Hybrid Fire Testing (HFT) integrates experimental fire testing with numerical simulations to better capture the interaction between a physical sample in a furnace fire and the structure that would surround it in real-world conditions. Unlike traditional fire testing, HFT enables a more accurate analysis of complex structural behaviours by simulating the effect of adjacent structural elements, thus providing a realistic assessment of a structure's fire performance. This paper presents a full-scale experimental hybrid fire test of a concrete-filled steel tube (CFST) column using an advanced HFT framework developed in previous research. A three-story, four-bay structure with the steel moment-resisting frame was selected for the validation. One column of the structure was physically represented in the laboratory, while the remainder of the structure was modelled numerically through finite element software.
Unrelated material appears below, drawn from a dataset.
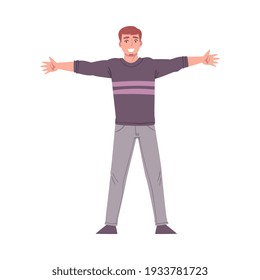 Smiling Young Man Standing with his Arms Outstretched, Welcome, Solidarity, Friendship and Charity Concept Cartoon Style Vector Illustration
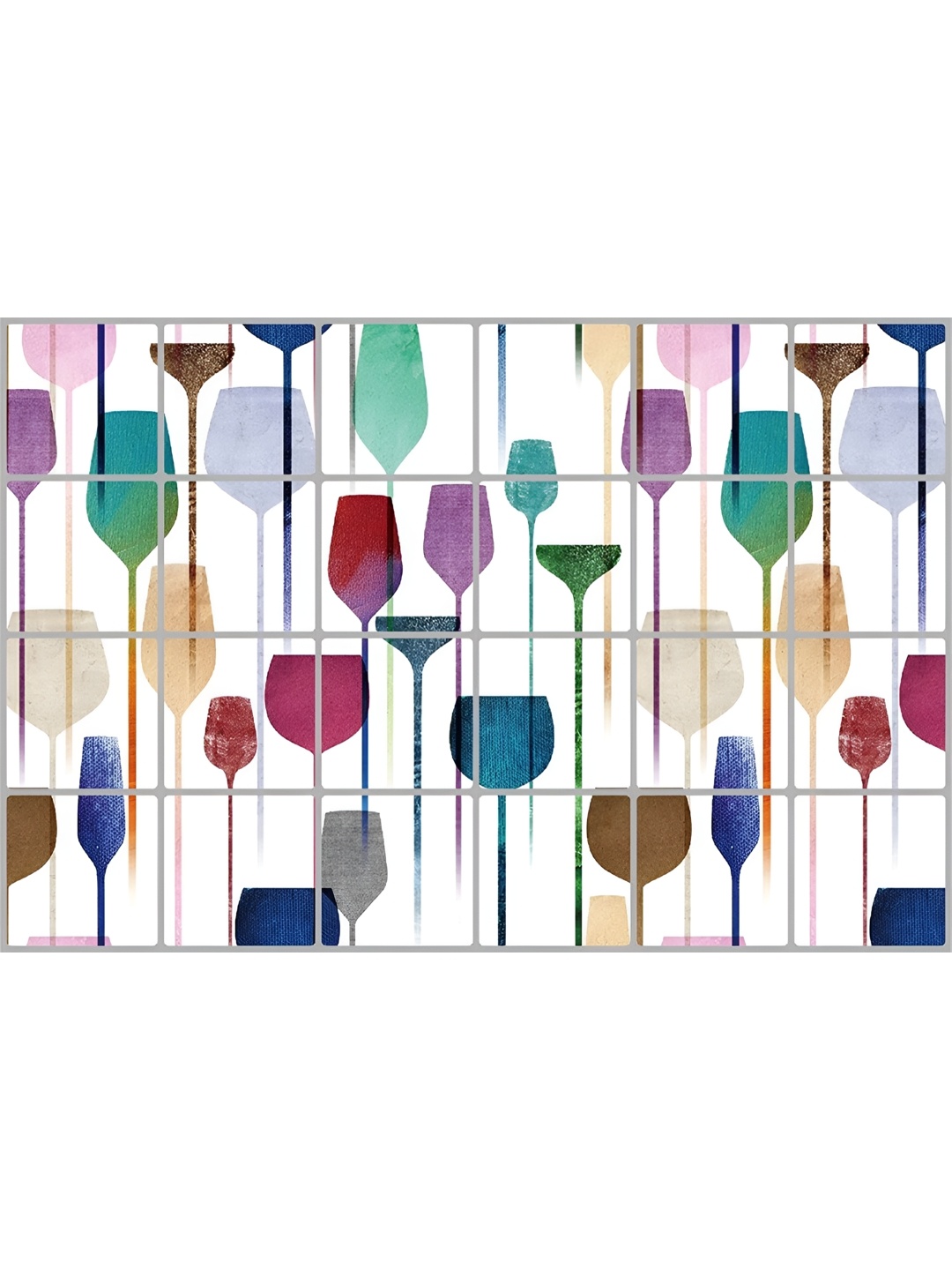 

Asian royal White & Blue Printed Waterproof Wall Sticker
The physical specimen was heated following a standard fire curve. The experimental results are compared with numerical predictions and fire resistance tests of a similar single column to validate the performance of the developed method in full-scale applications. This comparison also provides insight into the performance of the column when acting as part of the larger structural system. The test results confirmed the proposed method can accurately simulate the complicated behaviour of a CFST column at high temperatures and subsequent failure.